The resulting DataFrame can also be written back to a Havasu table using a CTAS statement:

<Tabs>
  <Tab title="Python">
    ```python theme={"system"}
    sedona.sql("""
    CREATE TABLE org_catalog.test_db.test_table_mapalg AS
    SELECT RS_MapAlgebra(rast, NULL, 'out = rast[0] * 0.5;') FROM org_catalog.test_db.test_table
    """)
    ```
  </Tab>

  <Tab title="Scala">
    ```scala theme={"system"}
    sedona.sql("""
    CREATE TABLE org_catalog.test_db.test_table_mapalg AS
    SELECT RS_MapAlgebra(rast, NULL, 'out = rast[0] * 0.5;') FROM org_catalog.test_db.test_table
    """)
    ```
  </Tab>

  <Tab title="Java">
    ```java theme={"system"}
    sedona.sql(
            "CREATE TABLE org_catalog.test_db.test_table_mapalg AS " +
            "SELECT RS_MapAlgebra(rast, NULL, 'out = rast[0] * 0.5;') FROM org_catalog.test_db.test_table"
    );
    ```
  </Tab>
</Tabs>

Or simply call `writeTo` function on the resulting DataFrame of the query:

<Tabs>
  <Tab title="Python">
    ```python theme={"system"}
    sedona.sql("SELECT RS_MapAlgebra(rast, NULL, 'out = rast[0] * 0.5;') FROM org_catalog.test_db.test_table")\
        .writeTo("org_catalog.test_db.test_table_mapalg").create()
    ```
  </Tab>

  <Tab title="Scala">
    ```scala theme={"system"}
    sedona.sql("SELECT RS_MapAlgebra(rast, NULL, 'out = rast[0] * 0.5;') FROM org_catalog.test_db.test_table")
        .writeTo("org_catalog.test_db.test_table_mapalg").create()
    ```
  </Tab>

  <Tab title="Java">
    ```java theme={"system"}
    sedona.sql("SELECT RS_MapAlgebra(rast, NULL, 'out = rast[0] * 0.5;') FROM org_catalog.test_db.test_table")
        .writeTo("org_catalog.test_db.test_table_mapalg").create()
    ```
  </Tab>
</Tabs>

## Further reading

Havasu is based on Apache Iceberg, all features of Apache Iceberg except MOREtables are supported in WherobotsDB. Please refer to [Apache Iceberg documentation for Spark](https://iceberg.apache.org/docs/latest/getting-started/) for more information.

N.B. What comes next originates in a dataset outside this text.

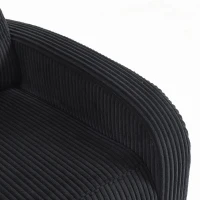 HOMCOM Corduroy Home Theater Seating, Push Back Recliner Chair with Padded Seat for Living Room, Black(m-10)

Out-db rasters usually requires tuning to achieve good performance. To learn more about out-db rasters, please refer to [Out-DB Rasters](/reference/havasu-table/raster-data/out-db-rasters/).

Havasu supports spatial filter push-down for raster tables. Please refer to [Spatial Filter Push-down for Rasters](/reference/havasu/raster/rs-filter-push-down/) to learn how to take advantage of this feature.